It Takes All Kinds To Make A Dungeon

Jennifer Tilly goes to town as a dominatrix in a NSFW clip from Dancing at the Blue Iguana:

Mitsu Mark shares what she learned as a professional dominatrix who worked at three commercial dungeons in NYC. One point she stresses – her clients didn’t fit a “type”:

I’m often nudged to confirm the stereotype of the dungeon client as a high-powered executive, a controlling breadwinner who comes to a dominatrix because it is his only release from the stress of his daily alpha role. I’m sure that does exist. Successful businessmen do make up a good portion of dungeon clientele, but that’s probably a result of the price of entry. However, I never had a typical client demographic that otherwise differed much from that of the greater New York City male population (I rarely had female clients, which is another can of worms).

I saw guys from a huge variety of economic backgrounds, nationalities, and ethnicities, with all sorts of career paths, social group affiliations, political leanings, and religions.
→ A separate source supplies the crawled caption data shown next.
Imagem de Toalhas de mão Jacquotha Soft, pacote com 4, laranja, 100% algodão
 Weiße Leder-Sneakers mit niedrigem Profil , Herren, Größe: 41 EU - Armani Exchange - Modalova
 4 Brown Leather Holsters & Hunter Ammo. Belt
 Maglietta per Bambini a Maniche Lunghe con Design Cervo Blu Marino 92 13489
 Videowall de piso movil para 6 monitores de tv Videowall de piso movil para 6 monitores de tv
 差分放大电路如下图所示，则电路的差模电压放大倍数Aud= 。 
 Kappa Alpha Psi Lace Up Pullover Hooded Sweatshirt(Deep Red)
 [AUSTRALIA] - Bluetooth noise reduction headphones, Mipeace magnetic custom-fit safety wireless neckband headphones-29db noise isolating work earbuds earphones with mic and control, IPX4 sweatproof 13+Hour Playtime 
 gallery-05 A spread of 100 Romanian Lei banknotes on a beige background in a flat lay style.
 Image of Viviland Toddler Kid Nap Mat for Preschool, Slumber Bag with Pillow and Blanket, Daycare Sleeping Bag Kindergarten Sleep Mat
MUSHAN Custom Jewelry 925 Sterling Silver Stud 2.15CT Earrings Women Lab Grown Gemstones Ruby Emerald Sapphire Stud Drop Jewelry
I had older (okay, mostly older—and some way older) clients, and clients who looked like they’d saved up their allowances to see me (we did card those). Some were douchebags; some were sweethearts. Some were shy—and others chatted up every person they encountered on the way in, talked through the entire session to me as well as on their phones, and asked to be paraded down the streets of Manhattan in pink tutus. Some were virgins; some were married with children. Some were out, and some were paranoid about being identified to the point of wearing sunglasses through their sessions—well, one guy did that.

The men I saw walk through the dungeon doors represented all walks of life. Their only common denominator was the dungeon, of all things.